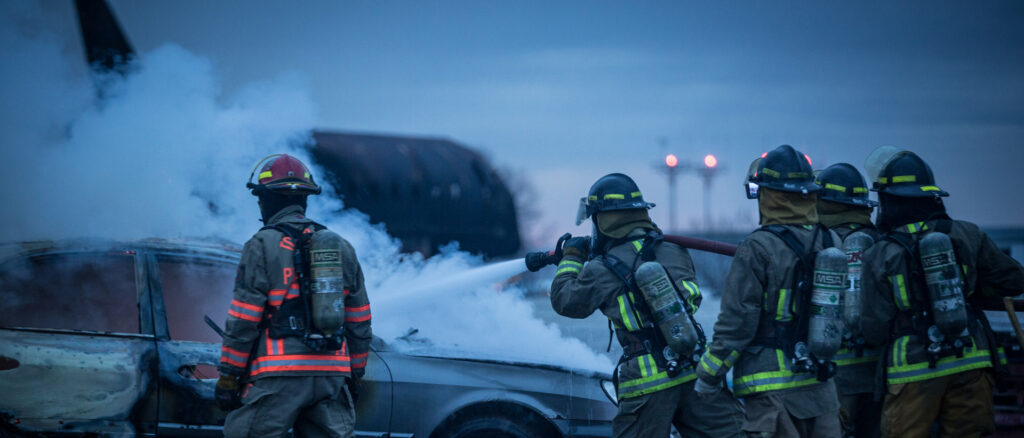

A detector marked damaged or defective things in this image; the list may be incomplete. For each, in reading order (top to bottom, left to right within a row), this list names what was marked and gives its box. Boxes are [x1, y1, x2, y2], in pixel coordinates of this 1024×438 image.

burned car [0, 239, 614, 438]
charred car body [0, 239, 614, 438]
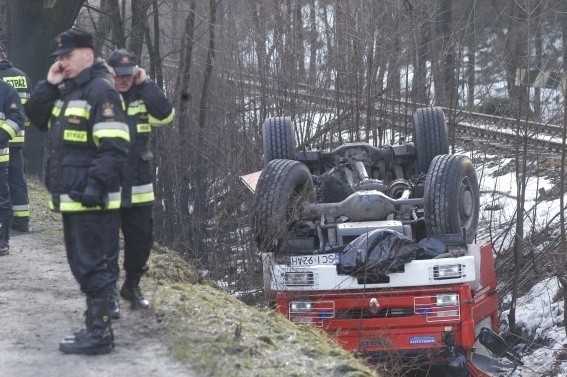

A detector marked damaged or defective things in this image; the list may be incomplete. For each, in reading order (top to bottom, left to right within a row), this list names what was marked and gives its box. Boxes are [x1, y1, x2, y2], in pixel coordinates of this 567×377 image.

overturned vehicle [248, 107, 524, 374]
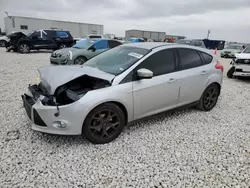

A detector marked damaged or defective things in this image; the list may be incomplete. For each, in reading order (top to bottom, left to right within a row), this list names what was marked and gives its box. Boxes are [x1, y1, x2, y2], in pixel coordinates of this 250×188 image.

hood damage [29, 65, 114, 106]
damaged silver car [21, 42, 223, 144]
____
**Problem statement**
Exclude images. Return the data above verbatim.

**Expected answer**
A detector marked damaged or defective things in this image; the list may be incomplete. For each, in reading order (top to bottom, left to right within a row), this list names what was marked and gives its box. Boxes are [x1, y1, x2, y2], in pixel coordinates of this 1024×438 image.

burned car [0, 239, 614, 438]
charred car body [0, 239, 614, 438]

A detector marked damaged or defective things in this image; the list may be incomplete. For each, in reading order (top to bottom, left to right within a row), this list names what was marked and gives its box. Boxes are [x1, y1, x2, y2], in pixel coordinates of this 567×377 image.

overturned vehicle [248, 107, 524, 374]

A detector marked damaged or defective things in this image; the list may be incomplete. For each, in reading order (top to bottom, left to right within a row), this list names what was marked and gives its box. Boxes are [x1, y1, x2, y2], in pixel coordinates of this 250×188 image.

hood damage [29, 65, 114, 106]
damaged silver car [21, 42, 223, 144]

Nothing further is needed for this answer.